**PROBLEM TO SOLVE**
Set down, character for character, everything in the records below from the line holding "C/R: Chiefs, Queen" down to the line holding "SOPORTE PARA MOTOR", and no other line.

**DATASET RECORDS**
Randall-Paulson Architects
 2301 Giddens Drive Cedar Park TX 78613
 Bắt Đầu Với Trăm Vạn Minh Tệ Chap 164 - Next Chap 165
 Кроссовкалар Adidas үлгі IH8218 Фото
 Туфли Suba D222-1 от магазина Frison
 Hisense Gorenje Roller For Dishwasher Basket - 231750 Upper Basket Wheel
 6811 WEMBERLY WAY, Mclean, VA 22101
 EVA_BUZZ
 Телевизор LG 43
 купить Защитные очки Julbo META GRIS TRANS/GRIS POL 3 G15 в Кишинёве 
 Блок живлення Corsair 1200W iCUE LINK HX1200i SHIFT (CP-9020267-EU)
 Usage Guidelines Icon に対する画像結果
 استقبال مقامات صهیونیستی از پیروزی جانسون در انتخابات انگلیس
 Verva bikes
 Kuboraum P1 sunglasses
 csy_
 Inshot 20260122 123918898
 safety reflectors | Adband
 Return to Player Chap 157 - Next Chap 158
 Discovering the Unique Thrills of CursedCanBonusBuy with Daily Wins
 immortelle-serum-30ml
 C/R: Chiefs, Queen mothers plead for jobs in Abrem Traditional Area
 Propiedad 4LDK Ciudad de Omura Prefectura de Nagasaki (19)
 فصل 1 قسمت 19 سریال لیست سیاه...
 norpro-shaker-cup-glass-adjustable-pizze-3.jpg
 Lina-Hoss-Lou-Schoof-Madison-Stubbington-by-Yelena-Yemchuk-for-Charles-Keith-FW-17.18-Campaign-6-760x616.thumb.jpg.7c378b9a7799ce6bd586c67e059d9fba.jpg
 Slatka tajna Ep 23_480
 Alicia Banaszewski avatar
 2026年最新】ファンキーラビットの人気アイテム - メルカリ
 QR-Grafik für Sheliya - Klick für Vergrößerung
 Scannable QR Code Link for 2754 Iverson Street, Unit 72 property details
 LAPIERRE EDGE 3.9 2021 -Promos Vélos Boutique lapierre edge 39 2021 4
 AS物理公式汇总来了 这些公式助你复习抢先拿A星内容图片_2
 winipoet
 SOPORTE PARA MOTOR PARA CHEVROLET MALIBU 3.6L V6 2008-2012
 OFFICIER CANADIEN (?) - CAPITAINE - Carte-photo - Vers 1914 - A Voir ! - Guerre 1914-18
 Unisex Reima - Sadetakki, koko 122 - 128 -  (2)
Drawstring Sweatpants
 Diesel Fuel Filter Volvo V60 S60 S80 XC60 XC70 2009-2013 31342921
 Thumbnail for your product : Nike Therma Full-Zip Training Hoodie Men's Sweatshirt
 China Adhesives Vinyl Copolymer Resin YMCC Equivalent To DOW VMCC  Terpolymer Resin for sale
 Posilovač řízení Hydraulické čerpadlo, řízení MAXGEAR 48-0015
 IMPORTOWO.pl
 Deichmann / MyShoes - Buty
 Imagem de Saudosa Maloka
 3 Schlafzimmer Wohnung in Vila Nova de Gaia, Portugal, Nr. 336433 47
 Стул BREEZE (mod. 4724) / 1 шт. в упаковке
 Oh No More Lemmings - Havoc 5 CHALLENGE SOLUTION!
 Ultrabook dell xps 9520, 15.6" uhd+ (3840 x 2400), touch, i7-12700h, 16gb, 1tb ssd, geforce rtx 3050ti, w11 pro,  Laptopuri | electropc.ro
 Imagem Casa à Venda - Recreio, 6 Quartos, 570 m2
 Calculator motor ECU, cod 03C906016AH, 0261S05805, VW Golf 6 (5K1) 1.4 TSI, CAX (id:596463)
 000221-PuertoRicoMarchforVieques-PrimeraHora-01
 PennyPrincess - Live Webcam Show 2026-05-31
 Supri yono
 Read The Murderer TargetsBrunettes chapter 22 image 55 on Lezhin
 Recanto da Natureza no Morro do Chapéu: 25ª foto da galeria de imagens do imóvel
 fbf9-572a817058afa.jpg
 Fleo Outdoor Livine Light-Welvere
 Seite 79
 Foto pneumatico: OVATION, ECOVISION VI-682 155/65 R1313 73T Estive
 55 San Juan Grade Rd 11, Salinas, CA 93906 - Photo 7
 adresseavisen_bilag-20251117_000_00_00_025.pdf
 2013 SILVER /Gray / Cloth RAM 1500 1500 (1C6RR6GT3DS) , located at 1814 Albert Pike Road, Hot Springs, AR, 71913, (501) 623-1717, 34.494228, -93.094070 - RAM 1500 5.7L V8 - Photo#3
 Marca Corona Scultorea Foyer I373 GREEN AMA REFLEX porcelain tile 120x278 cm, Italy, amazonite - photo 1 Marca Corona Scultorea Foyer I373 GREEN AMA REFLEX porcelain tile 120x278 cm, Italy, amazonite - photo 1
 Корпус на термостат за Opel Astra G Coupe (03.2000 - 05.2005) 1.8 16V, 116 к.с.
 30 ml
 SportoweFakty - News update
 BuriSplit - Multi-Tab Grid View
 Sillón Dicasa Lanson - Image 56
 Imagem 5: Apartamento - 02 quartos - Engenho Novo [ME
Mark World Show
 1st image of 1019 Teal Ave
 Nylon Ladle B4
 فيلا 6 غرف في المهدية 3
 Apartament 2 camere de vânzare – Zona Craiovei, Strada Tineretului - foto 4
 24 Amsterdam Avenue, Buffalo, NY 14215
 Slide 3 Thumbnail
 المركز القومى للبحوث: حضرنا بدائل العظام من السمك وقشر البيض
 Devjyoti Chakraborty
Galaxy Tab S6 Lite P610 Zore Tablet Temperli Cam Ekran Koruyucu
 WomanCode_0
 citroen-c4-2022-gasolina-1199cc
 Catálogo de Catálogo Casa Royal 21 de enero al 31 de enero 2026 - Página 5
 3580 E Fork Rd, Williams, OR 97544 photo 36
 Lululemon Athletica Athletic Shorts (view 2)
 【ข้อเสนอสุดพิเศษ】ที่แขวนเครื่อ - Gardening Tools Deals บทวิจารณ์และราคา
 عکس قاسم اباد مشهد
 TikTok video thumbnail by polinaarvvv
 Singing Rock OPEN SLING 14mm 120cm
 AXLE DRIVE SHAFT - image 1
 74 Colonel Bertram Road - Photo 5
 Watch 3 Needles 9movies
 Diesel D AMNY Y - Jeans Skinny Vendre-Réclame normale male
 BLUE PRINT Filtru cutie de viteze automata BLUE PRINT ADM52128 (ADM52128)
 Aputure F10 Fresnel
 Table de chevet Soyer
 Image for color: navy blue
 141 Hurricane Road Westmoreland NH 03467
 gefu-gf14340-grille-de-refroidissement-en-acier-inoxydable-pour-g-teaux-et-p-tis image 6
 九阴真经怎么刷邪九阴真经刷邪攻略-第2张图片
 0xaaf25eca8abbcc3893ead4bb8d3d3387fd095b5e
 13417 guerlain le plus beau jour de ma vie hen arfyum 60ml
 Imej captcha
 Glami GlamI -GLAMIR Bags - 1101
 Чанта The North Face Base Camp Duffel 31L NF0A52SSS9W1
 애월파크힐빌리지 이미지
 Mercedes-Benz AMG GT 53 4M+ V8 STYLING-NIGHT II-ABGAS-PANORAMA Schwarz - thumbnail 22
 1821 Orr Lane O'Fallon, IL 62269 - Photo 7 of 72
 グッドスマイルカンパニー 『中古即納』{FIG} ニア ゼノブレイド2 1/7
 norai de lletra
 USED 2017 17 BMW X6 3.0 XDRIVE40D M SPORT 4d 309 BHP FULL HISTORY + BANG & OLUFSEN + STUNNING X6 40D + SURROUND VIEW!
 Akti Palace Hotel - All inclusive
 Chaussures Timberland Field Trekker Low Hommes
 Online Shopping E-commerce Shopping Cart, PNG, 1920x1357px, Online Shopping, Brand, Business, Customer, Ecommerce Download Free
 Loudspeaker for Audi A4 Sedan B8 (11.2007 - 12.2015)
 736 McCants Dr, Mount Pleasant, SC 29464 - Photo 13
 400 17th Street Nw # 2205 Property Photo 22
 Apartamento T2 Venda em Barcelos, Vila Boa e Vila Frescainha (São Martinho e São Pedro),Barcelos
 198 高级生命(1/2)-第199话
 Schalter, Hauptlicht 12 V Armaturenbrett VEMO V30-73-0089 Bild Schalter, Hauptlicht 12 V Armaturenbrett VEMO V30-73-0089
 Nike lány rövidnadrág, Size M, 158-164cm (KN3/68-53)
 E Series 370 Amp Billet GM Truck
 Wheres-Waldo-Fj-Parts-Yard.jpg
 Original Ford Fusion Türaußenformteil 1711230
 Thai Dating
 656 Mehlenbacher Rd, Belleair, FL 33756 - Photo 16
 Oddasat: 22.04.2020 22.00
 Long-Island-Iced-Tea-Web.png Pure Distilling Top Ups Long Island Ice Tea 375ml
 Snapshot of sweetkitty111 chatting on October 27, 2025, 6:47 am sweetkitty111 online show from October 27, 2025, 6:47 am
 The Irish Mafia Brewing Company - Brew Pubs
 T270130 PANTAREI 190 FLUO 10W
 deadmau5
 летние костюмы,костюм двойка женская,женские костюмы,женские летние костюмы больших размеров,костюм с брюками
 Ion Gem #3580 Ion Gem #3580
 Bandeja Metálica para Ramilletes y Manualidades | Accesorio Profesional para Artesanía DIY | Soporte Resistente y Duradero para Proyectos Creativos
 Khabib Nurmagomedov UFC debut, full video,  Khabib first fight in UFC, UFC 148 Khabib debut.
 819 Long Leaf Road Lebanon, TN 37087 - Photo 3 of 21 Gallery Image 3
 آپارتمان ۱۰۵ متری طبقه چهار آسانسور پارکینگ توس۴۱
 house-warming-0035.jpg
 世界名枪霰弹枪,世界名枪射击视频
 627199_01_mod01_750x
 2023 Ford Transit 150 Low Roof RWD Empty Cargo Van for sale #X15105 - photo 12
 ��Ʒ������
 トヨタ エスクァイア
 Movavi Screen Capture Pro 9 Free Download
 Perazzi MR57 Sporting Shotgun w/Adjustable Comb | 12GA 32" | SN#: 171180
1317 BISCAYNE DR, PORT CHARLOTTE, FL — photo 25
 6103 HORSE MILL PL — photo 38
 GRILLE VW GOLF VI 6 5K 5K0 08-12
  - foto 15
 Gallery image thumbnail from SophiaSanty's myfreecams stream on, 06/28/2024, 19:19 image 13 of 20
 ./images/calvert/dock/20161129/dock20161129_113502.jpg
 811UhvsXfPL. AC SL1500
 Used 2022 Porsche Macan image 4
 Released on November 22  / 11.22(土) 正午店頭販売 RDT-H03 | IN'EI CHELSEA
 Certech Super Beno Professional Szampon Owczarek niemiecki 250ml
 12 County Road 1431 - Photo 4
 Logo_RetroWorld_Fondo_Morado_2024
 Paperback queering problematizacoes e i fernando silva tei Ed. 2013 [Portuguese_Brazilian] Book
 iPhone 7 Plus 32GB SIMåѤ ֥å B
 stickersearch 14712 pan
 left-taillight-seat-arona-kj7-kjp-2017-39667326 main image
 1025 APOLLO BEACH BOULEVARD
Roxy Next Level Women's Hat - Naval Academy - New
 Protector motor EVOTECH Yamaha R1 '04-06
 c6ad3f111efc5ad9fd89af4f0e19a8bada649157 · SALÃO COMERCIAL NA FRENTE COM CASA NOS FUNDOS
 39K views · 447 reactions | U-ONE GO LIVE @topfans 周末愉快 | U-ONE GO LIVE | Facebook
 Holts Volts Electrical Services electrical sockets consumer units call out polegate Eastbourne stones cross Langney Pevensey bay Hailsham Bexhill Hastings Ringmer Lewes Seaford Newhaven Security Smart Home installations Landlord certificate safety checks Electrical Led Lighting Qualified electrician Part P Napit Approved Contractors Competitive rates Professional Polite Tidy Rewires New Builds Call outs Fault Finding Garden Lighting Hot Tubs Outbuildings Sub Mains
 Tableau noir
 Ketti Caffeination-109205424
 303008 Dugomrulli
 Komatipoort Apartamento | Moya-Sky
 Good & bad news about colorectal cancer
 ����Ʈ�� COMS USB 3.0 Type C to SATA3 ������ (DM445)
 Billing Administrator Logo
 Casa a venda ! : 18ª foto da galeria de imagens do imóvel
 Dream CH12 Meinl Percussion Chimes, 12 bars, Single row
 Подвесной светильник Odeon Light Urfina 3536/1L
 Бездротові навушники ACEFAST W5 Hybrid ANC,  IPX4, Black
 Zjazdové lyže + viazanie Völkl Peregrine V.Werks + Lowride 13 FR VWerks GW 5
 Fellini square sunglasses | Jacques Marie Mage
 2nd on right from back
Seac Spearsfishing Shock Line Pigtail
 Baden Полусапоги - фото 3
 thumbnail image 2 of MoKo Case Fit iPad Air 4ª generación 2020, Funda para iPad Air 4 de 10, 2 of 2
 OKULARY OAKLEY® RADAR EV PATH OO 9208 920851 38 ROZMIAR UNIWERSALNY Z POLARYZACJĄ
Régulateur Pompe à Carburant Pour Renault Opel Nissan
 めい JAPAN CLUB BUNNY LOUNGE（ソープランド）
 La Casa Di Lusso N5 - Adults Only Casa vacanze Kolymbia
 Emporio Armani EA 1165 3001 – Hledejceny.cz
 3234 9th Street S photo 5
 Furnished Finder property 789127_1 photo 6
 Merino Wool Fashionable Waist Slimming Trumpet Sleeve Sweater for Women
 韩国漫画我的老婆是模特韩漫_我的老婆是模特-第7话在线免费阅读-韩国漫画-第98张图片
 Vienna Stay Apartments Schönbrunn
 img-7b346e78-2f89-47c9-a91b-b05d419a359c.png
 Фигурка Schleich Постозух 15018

**TASK ANSWER**
 C/R: Chiefs, Queen mothers plead for jobs in Abrem Traditional Area
 Propiedad 4LDK Ciudad de Omura Prefectura de Nagasaki (19)
 فصل 1 قسمت 19 سریال لیست سیاه...
 norpro-shaker-cup-glass-adjustable-pizze-3.jpg
 Lina-Hoss-Lou-Schoof-Madison-Stubbington-by-Yelena-Yemchuk-for-Charles-Keith-FW-17.18-Campaign-6-760x616.thumb.jpg.7c378b9a7799ce6bd586c67e059d9fba.jpg
 Slatka tajna Ep 23_480
 Alicia Banaszewski avatar
 2026年最新】ファンキーラビットの人気アイテム - メルカリ
 QR-Grafik für Sheliya - Klick für Vergrößerung
 Scannable QR Code Link for 2754 Iverson Street, Unit 72 property details
 LAPIERRE EDGE 3.9 2021 -Promos Vélos Boutique lapierre edge 39 2021 4
 AS物理公式汇总来了 这些公式助你复习抢先拿A星内容图片_2
 winipoet
 SOPORTE PARA MOTOR PARA CHEVROLET MALIBU 3.6L V6 2008-2012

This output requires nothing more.